As you think back over the 2018 BYU football season, it’s probably not hard to remember some of those key moments when the Cougar offense appeared to be in prime position to make a big play in the passing game — only to have the ball slip through someone’s hands and fall to the turf.

BYU wide receiver coach Fesi Sitake talked after practice Tuesday how he thought a lot of those miscues were caused by players tensing up in those moments.

“Last year I felt that a lot of pressure was applied on them,” Sitake said. “A lot of that was self-inflicted, while some of it might have been how I came off. When those big plays came, they felt that there might not be another one so they put all this pressure on themselves. There are a couple of plays that stick out to me where we missed an explosive play. The fans might think the player just didn’t focus on the ball but wouldn’t know some external things that were happening and pressures that were applied.”

His solution? Let his guys go out and just play the game.

“Here in spring ball with the mindset of just letting it fly, the guys are playing a lot more loose,” Sitake said. “I think because of that, you are seeing them play at a higher level, especially in terms of explosive plays.”

Sitake said that he felt personally responsible for putting some added stress on the receivers.

“I was so focused as a coach on making sure they knew every detail of the offense,” Sitake said. “But doing that can train a player to put that pressure on himself, that when the ball comes your way it’s your only chance. I want guys to have the right mentality without the pressure. They are going to get a lot of opportunities, so when they come just make the play. It’s been a learning experience for me.”

He believes there has been some symbiotic growth for him as a coach and for the receivers who have now been through an entire college football cycle with him.

“Their growth has been exponential in two main areas,” Sitake said. “No. 1 in how they have improved in their position, from understanding the finer details of the game. No. 2 has been the relationship. They’ve gotten to know a lot about me and my expectations as a coach. I’ve gotten to know a lot more about them at a personal level. Knowing each other and having a year under our belt has been as big a factor as their overall improvement at the position.”

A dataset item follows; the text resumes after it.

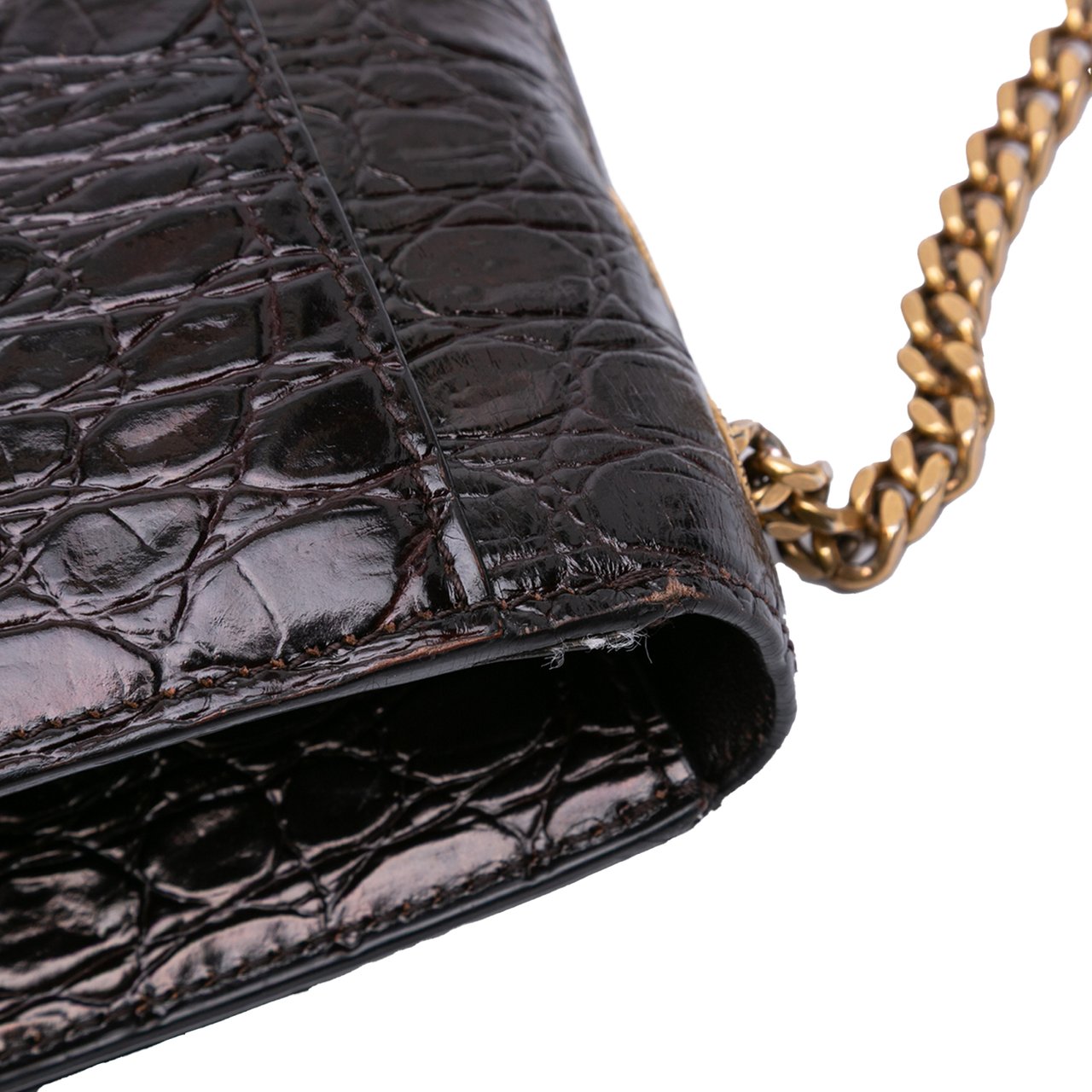 Saint Laurent Croc Embossed Leather Tuc Chain Shoulder Bag Bruin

At this point in fall camp, he feels like the top returners — guys like Micah Simon, Talon Shumway, Dax Milne, Gunner Romney and Neil Pau’u — have all gotten better and will prove it on the field.

“We have a five or six guys who are ready to play tomorrow,” Sitake said. “They are picking up the playbook, anything we throw at them. They are getting faster and stronger, improving in every way. I’m really pleased with how they have performed.”

But he knows there are more opportunities available and he has other players striving to take advantage of those.

“We have maybe 10 guys who are fighting to get into fall camp or become a rotational guy,” Sitake said. “We’re at the point in spring ball where I’m not sure yet but I’m starting to get an idea of who those might be.”

BYU fans will get a chance to see some of the development of the wide receivers and evaluate the progress for themselves at the spring scrimmage, which is scheduled to take place Saturday at west campus field (the former Provo High School football stadium) starting at 1 p.m.